Gütersloh. Zur „Blauen Nacht“hatte Kantor Donatus Haus im Rahmen des Gütersloher Orgelfrühlings eingeladen. Doch was am Vorabend des Pfingstfestes zu erleben war, dürfte nicht nur die fast 200 (!) Besucher, sondern auch die ausübenden Musiker selbst überrascht haben. Sie alle erlebten in St. Pankratius ihr „Blaues Wunder“, gewirkt aus Musik und Texten Hildegard von Bingens und stimmungsvoller Lichtinstallation.
Blau ist eine vieldeutige Farbe: Die „Blaue Blume“steht in der deutschen Romantik für die Sehnsucht nach neuen Bewusstseinshorizonten, für Unerreichbares – die „Blaue Stunde“markiert als abendlicher Dämmerzustand einen Moment des Übergangs. Blau ist auch die Farbe der Gottesmutter, der Monat Mai ist traditionell der Marienmonat. Zusammen mit dem Pfingstfest, an dem Christen die Aussendung des Heiligen Geistes feiern, ergaben sich also reichlich Anregungen für Ausführende wie Zuhörer, sich mit den den Gesängen der mittelalterlichen Mystikerin auseinander zu setzen.

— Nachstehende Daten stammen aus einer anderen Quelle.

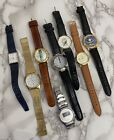 Estate Lot of 8 Vintage Wrist Watch Gold Silver Men’s Fossil Timex + Untested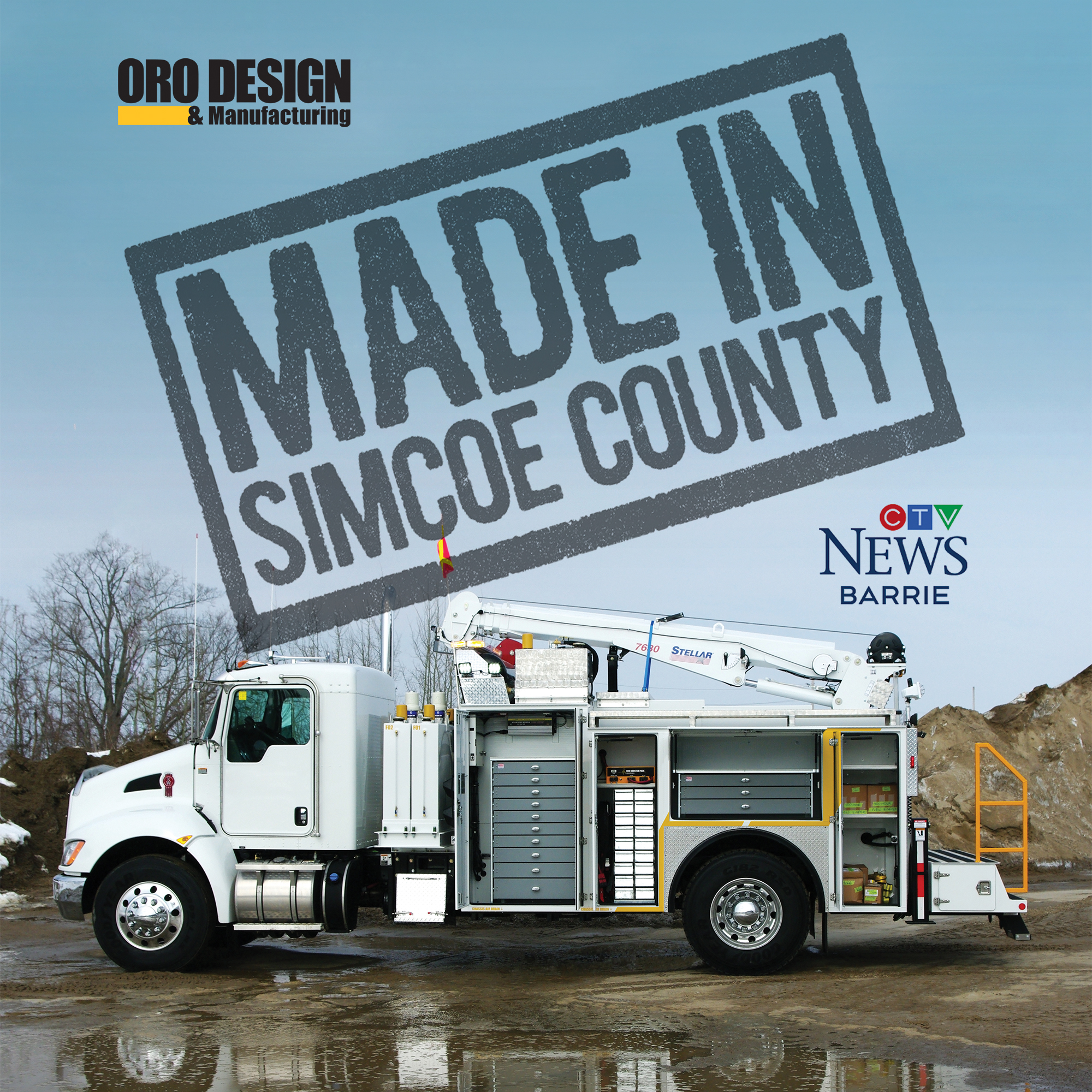 ORO Design & Manufacturing Ltd. made in simcoe county campaign image with ORO 12M6 mechanic service truck body with 2LD mobile lubrication deck on a Kenworth T370 chassis with a Stellar&reg; 7630 telescopic mechanic crane.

„Hildegard meets Ambient“, so war das Konzert angekündigt worden. Doch dass im Verlauf der guten Stunde alle stilistischen und klanglichen Grenzen, die man sonst in diesem Rahmen gewohnt ist, überschritten würden, damit war nicht zu rechnen gewesen.
Ausgangspunkt waren Hildegards Melodien, die Myléne Kroos mit glasklarer Sopranstimme von der Orgelempore aus wirkungsvoll in den Kirchenraum stellte. Sie beschwören, so in „O Ignis Spiritus“, Gottes „feurigen Geist, der mit Tamburinen und Leiern am
Werk ist“, womit die „Spirit“des Abends gleich zu Anfang gesetzt war. Behutsam aufeinander hörend, versahen die drei Instrumentalisten die Gesangslinie mit eigenen Impulsen, ohne die Kroos’ Stimme zuzudecken. Allmählich belebte sich der meditative Duktus, geriet die Musik in einen Flow, der zuweilen einen fast jazzartig swingenden Sog entwickelte, aber auch Passagen der Beruhigung kannte und Inseln der Kontemplation zuließ.
Donatus Haus setzte die Rieger-orgel sparsam ein, zeigte aber an wichtigen Stellen, welche Klanggewalt in ihr steckt.
Nils Labente an Keyboards und Synthesizer setzte klanglich eigene Akzente. Manchmal spielten sich beide Tastenmusiker die Motive beherzt zu. Ewald Lappe, sonst als Schlagzeuger vor allem im Jazz unterwegs, zeigte sein Bewusstsein für die akustische Empfindlichkeit des Kirchenraums mit filigranem Spiel. Doch zum Schluss gönnte er sich, durch eine stampfende Bassdrum eingeleitet, eine fast rockig abgehende Passage.
Damit die Zuhörer nicht nur ihren Ohren trauen mussten, war für eine Übertragung des Geschehens auf der Orgelempore auf eine Leinwand im Altarbereich gesorgt worden. Auch die Texte auf Latein und Deutsch wurden angezeigt.
„Wir haben höchstens zehn Prozent von dem realisiert, was wir zuvor geprobt haben“, bilanzierte Myléne Kroos erstaunt nach dem Konzert. Dass dieses Experiment von den Besuchern begeistert und langanhaltend beklatscht und danach mit von der KJG gemixten Cocktails vor der Kirche begossen wurde, zeigt, dass die neuen Wege, die Donatus Haus mit seiner Kirchenmusik beschreitet, offenbar in die richtige Richtung gehen.